O desenho só voltou a ganhar uma presença mais forte na vida de Sara depois de ter tirado o curso de Ciências da Comunicação e de a irmã lhe ter arranjado um emprego, que mantém ao fim de oito anos. “Toda a gente me dizia para parar de me queixar”. Decidiu então apostar no seu talento e fez um curso de Design na Restart. “Foi a primeira vez, ao fim de tantos anos, que me dediquei ao desenho. Todos os trabalhos que eu fazia no curso levavam-me para a ilustração e foi aí que o 'bichinho' voltou”.
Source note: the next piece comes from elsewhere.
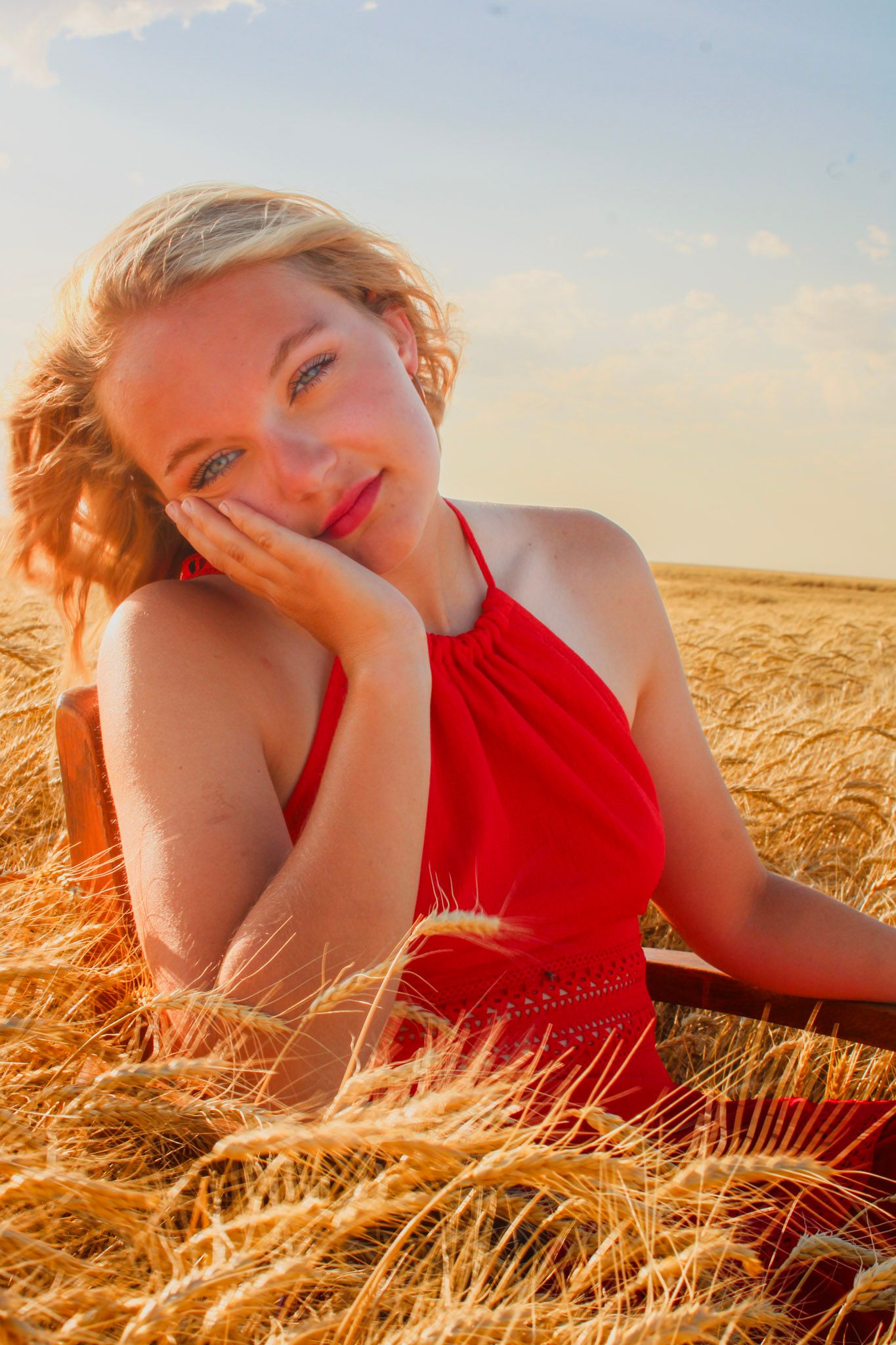 A person in a red dress poses in a golden wheat field at sunset.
Pouco tempo depois, já estava a ilustrar um livro infantil e participar em vários concursos ligados ao desenho. “Nessa altura, continuava a pensar como é que havia de fazer para entrar no meio, porque não conhecia ninguém”. E é aqui que entra a chuva, mais concretamente o episódio dos tupperwares que a levou a criar o projecto Sara-a-Dias, nome baseado num dos seus apelidos (Osório Dias) e no facto de se propor a retratar episódios do dia-a-dia. A protagonista é uma boneca ruiva, com muitos caracóis e poucas semelhanças com a sua criadora. “O cabelo é uma homenagem aos caracóis que tive em tempos. Vários amigos já me disseram que precisava de fazer um extreme makeover à boneca, mas ela funciona como um alter-ego, como se fosse uma amiga imaginária”. A identificação é tão grande que a autora chega a confundir-se com a sua personagem: “Já me aconteceu apresentar-me como Sara-a-Dias e não Sara Osório”.
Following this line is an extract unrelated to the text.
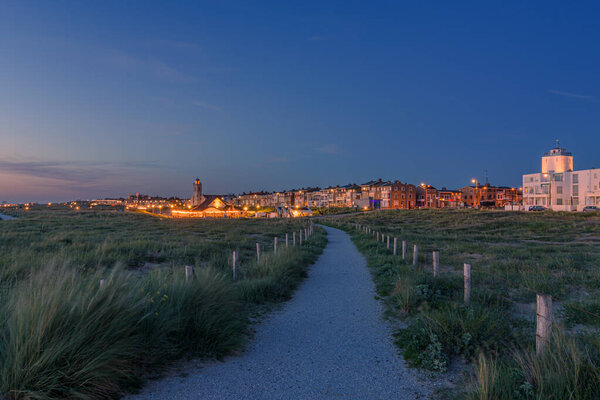 Katwijk aan Zee, The Netherlands - June 11, 2022: Sunset with the blue hour in Katwijk aan Zee with walking path from the dunes to the boulevard.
Sara publica os cartoons no seu blogue e em várias redes sociais, nomeadamente o Facebook, onde conta já com nove mil likes. Alguns desenhos tiveram um sucesso estrondoso, como aquele sobre a bloguer que disse que o seu maior sonho era ter uma mala Chanel. Destaca ainda um cartoon sobre a linha verde do metro de Lisboa que chegou a ser partilhado por um maquinista ou outro sobre as mulheres que se despem sem qualquer pudor nos balneários dos ginásios. Tudo num tom irónico. “Chego a muita gente porque são histórias que as pessoas também vivem”.

Com o sucesso do blogue, Sara já faz “ilustrações para fora”. Isto é, desenha para livros, para blogues, faz ilustrações para encomendas particulares, cartoons para filmes animados e até para publicidade.
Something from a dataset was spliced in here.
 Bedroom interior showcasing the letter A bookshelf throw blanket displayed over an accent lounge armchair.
Este mês, os cartoons de Sara passaram da internet para o papel impresso, através de um livro onde a ilustradora dá a conhecer a pessoa por trás da boneca ruiva. O título A minha mãe acha que fui trocada à nascença é quase uma piada privada de família. “Durante vários anos, a minha mãe olhava para mim e dizia: 'Não és parecida com ninguém!'“. O projecto precisou de dois meses “de isolamento” e conta com humor vários episódios da vida da autora: a infância em Moscavide, a família, as aventuras na escola, as primeiras paixões, trabalhos temporários da faculdade. “Agora que publiquei o livro, tenho a minha avó a dizer-me que temos de nos sentar, uma tarde, para ela me contar as suas histórias e fazer um outro livro”.

Apesar do sucesso dos seus cartoons, a ilustradora não tenciona largar o emprego para se dedicar àquilo que mais gosta. Por enquanto vai continuar em modo pós-laboral: “Ainda não ganhei a 'raspadinha pé-de-meia' para que a Sara-a-Dias passe a funcionar das 9h às 18h”.